Source information: Begin

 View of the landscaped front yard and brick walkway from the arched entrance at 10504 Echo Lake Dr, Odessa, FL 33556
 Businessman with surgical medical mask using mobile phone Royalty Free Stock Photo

Source information: End
Source information: Begin

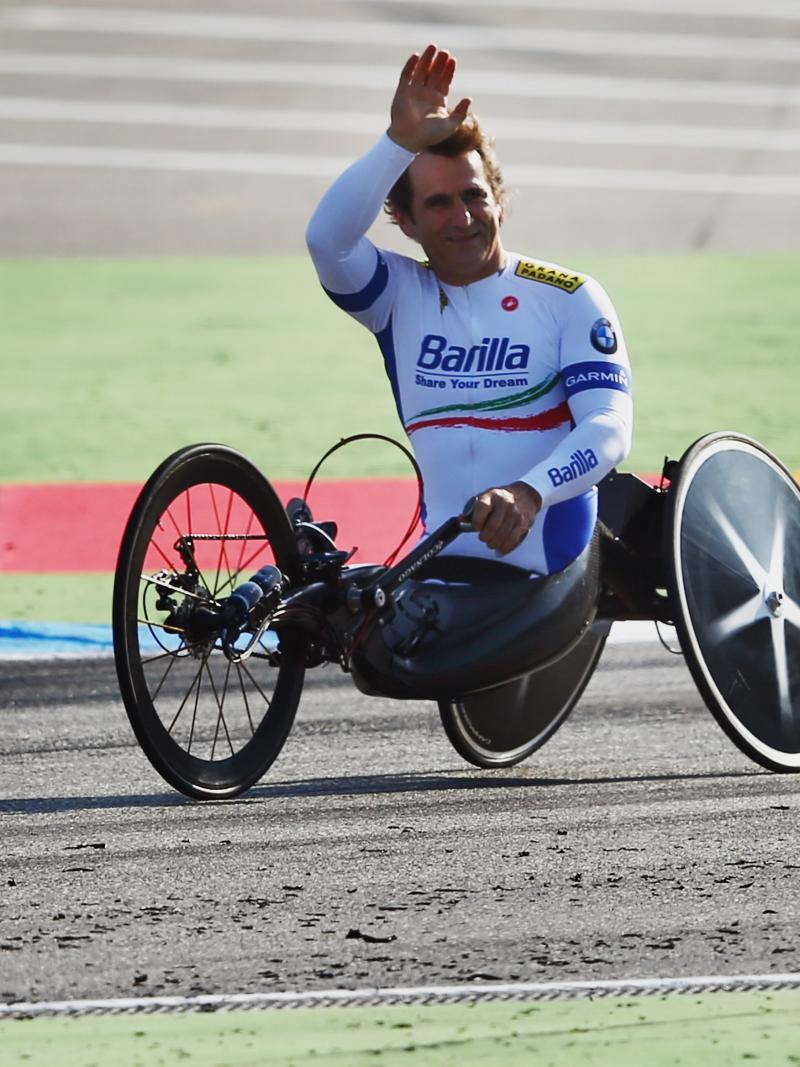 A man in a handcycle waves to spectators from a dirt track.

Source information: End

Task item:
Return only the part of the records above that opens with the line containing "View of the" and closes with the line containing "Businessman with surgical", ends included.

Response:
 View of the landscaped front yard and brick walkway from the arched entrance at 10504 Echo Lake Dr, Odessa, FL 33556
 Businessman with surgical medical mask using mobile phone Royalty Free Stock Photo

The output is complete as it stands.